Byzantine-Resilient Routing in Multi-Hop Wireless Networks

Reza Curtmola
Johns Hopkins University

Monday, February 26, 11:00AM
Babbio Center, Room 202
Stevens Institute of Technology
 

Abstract


Fueled by the proliferation of wireless devices, mobile ad hoc wireless networks (MANETs) have been the focus of active research in recent years. MANETs can be deployed fast and do not require fixed infrastructure, which makes them well-suited for critical environments (e.g., battlefield or disaster recovery). In such environments robustness and reliability are crucial. This strongly motivates the need for survivable routing protocols, which are able to provide service in the presence of attacks and failures.

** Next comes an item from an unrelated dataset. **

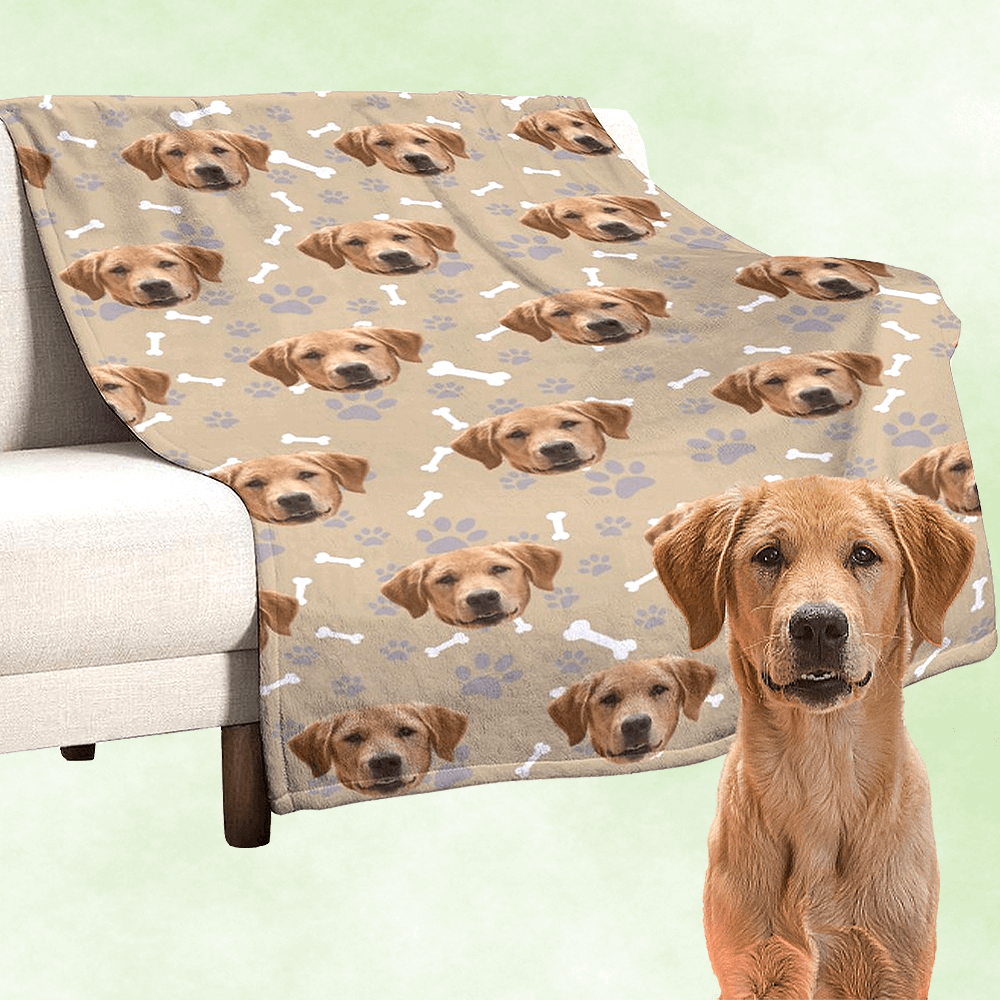 custom dog blanket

Certain characteristics of MANETs, such as their lack of physical security and their cooperative nature, make them more vulnerable to inside (Byzantine) attacks coming from compromised nodes that behave arbitrarily to disrupt the network. We examine the survivability of ad hoc wireless routing protocols in the presence of several Byzantine attacks, under two communication models: unicast and multicast. We show that traditional secure routing protocols that assume authenticated nodes can always be trusted, fail to defend against such attacks. To fill this gap, we introduce the first secure routing protocols designed to withstand a large class of Byzantine attacks from colluding adversaries and show their effectiveness in mitigating the considered attacks. Our solutions are software-based and do not require additional or specialized hardware.